Adaptive optical algorithms with differentiation of water bodies based on varying composition of suspended particulate matter: A case study for estimating the particulate organic carbon concentration in the western Arctic seas

Abstract

High complexity and variability in composition of water constituents pose major challenges for development of algorithms to estimate biogeochemical data products from optical observations over the continuum of diverse aquatic environments. To address these challenges, we examined an adaptive optical approach that accounts for variability in composition of suspended particulate matter. We use the ratio of particulate organic carbon to suspended particulate matter concentration, POC/SPM, for optically discriminating water bodies with varying proportions of organic and mineral particles. Through the analysis of field data from the western Arctic seas that exhibit a broad range of water composition and optical properties, we developed empirical algorithms to estimate SPM and POC/SPM either from the particulate inherent optical properties (IOPs) of seawater, i.e., the spectral particulate absorption ap(λ) or backscattering bbp(λ) coefficients, or directly from the spectral remote-sensing reflectance of the ocean, Rrs(λ). The capability to retrieve POC/SPM from optical measurements was used to formulate the particle composition-specific algorithms for estimating POC from particulate IOPs or Rrs(λ). The evaluation of algorithms with the development field dataset demonstrates that the algorithm formulations accounting for changes in POC/SPM provide significant improvements in POC estimates along the continuum of optically-complex Arctic waters compared with algorithms that do not account for variations in particulate composition, such as the current standard POC algorithm used for global satellite applications. The results of example application of the particle composition-specific algorithm and standard global algorithm to satellite observations are consistent with comparisons of these algorithms for our field dataset, which supports a conclusion that the standard algorithm tends to overestimate POC in Arctic waters that exhibit a broad range of particle composition.

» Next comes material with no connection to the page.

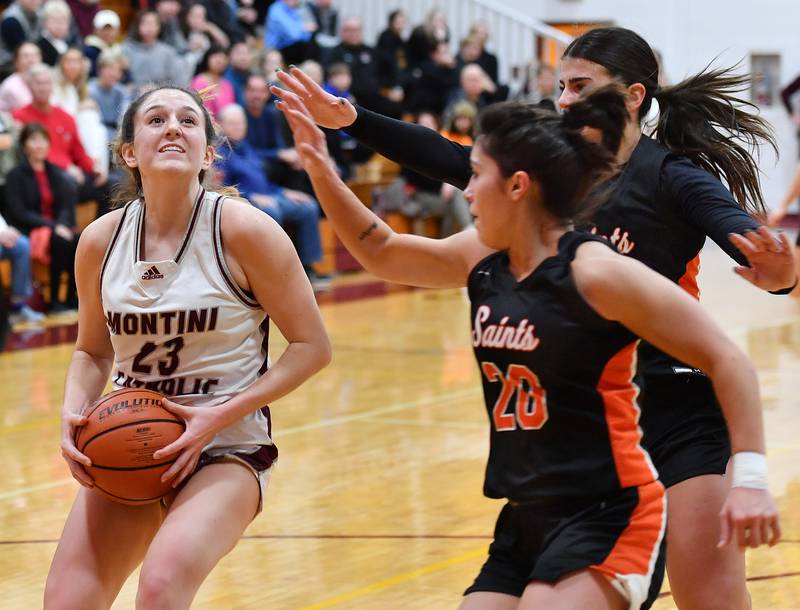 Montini's Shea Carver (23) looks to the basket as St. Charles East's Alexis Maridis (20) and Lexi DiOrio defend during the Montini Christmas Tournament championship game on Dec. 29, 2023 at Montini Catholic High School in Lombard.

Although this study demonstrates the adaptive approach using data from the Arctic region, it has broader significance and is amenable to further enhancements by including other optically-derivable water constituent properties. Further validation analyses and efforts are needed towards a unified approach with improved representation of cause-and-effect relationships between water composition and optical properties to enable improved optically-based applications across a wide range of water bodies.